The Employer argues that the seriousness of the accident is an aggravating factor, particularly given the history of serious crashes in the past due to similar conduct, for example the Hinton train disaster.  The damage here, in a populated area, amounted to $675,000.  The Employer rejects the notion that the grievor was legitimately distracted by the pedestrian alert and other activities since it is the express task of the locomotive engineer to multi-task and to maintain situational awareness.  It emphasizes Rule 2.2(a) “if in doubt, the safe course must be taken”.


            A derailment, serious injury, or extensive equipment damage, has in the past been found to be a significant aggravating factor.  CROA 2356 quoted by the Union reflects that proposition.


            The Union argues that, without aggravating factors, a Rule 439 violation involving passing through a stop signal should attract a lengthy suspension, not outright termination.  It refers to CROA 2356.

In each of the cases involving an imposition of outright discharge by the company there has been some aggravating factor. For example, in CROA 681 and 2124 the employee discharged for passing a stop signal had committed his second offence against the rule. In CROA 745 a locomotive engineer was dismissed where a violation of Rule 292 was found to also involve a violation of Rule G, resulting in a collision and two fatalities. Serious collisions were also involved in CROA 1479 and 1677, while in CROA 1504 the discharge of the locomotive engineer was motivated, in part, by his falsification of an employee statement intended to evade his responsibility.
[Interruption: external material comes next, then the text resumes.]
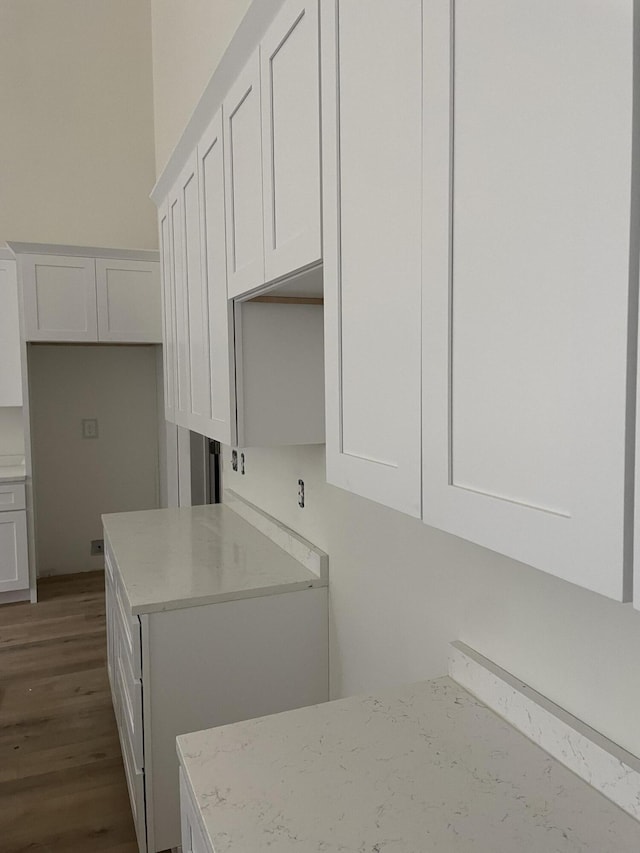 kitchen featuring light stone counters, dark wood-style flooring, and white cabinetry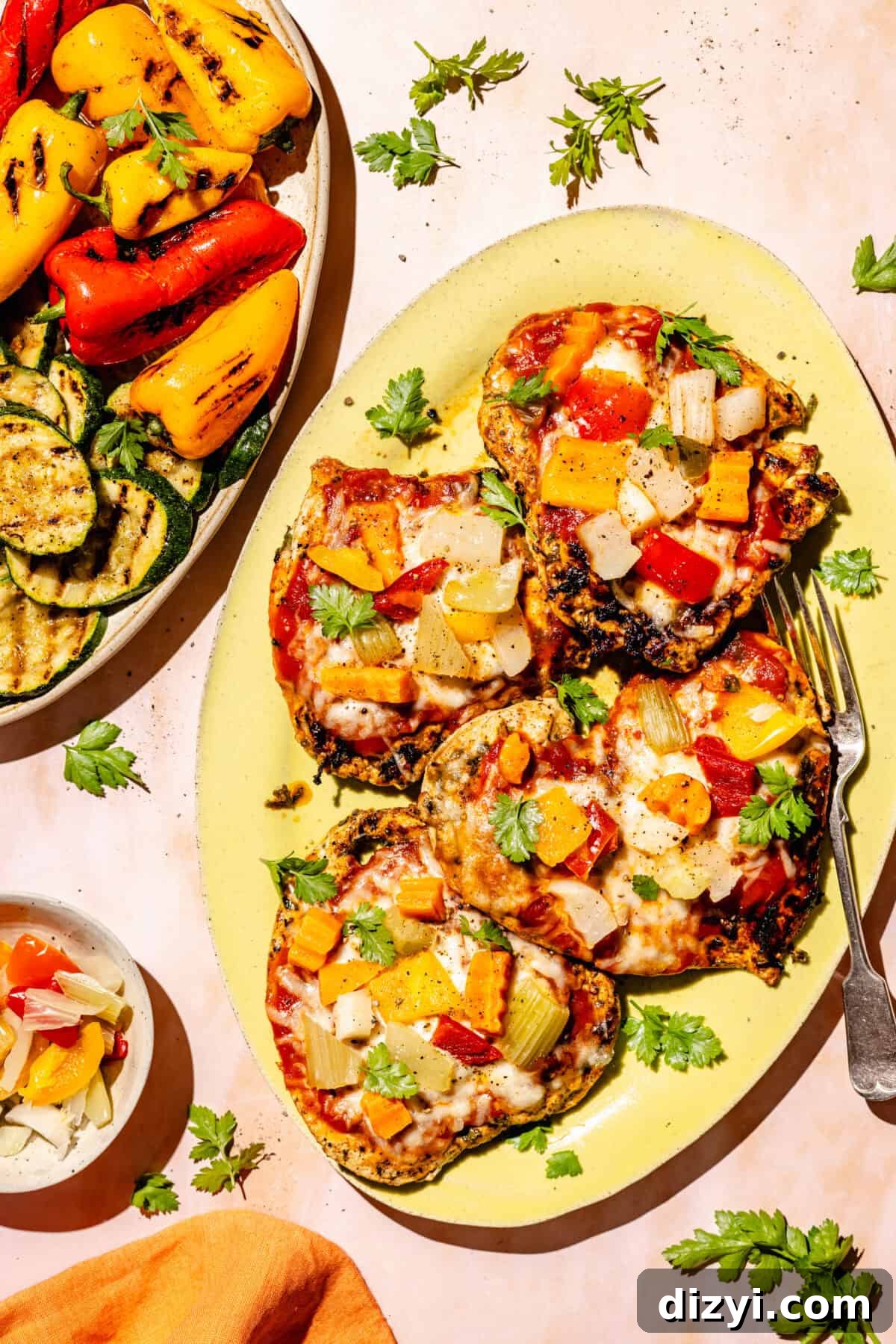 Giardiniera Chicken Melts with side of grilled veggies on other platter.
More recently, employers have again used the assessment of suspensions for violations of rule 292 of the UCOR and rule 429 of the CROR (See, e.g., CROA 2126, 2161, & 2267.)



            See also CROA 3744.  I agree with the Union that each Rule 439 case must be assessed on its merits.


            However, considering all the evidence in this case, I am satisfied that the aggravating factors outweigh the grievor’s remorse and personal circumstances.  The incident reveals a lack of attention by a railroader thoroughly familiar with the territory that caused very significant damage.  It resulted from not only inattention to crucial signals, but an absence of caution in circumstances, even if momentarially confusing, called for a reduced speed.  Reluctantly, I must deny the grievance.


November 29, 2017                                                                                    ____________

                                                                                                            ANDREW C. L. SIMS, Q.C.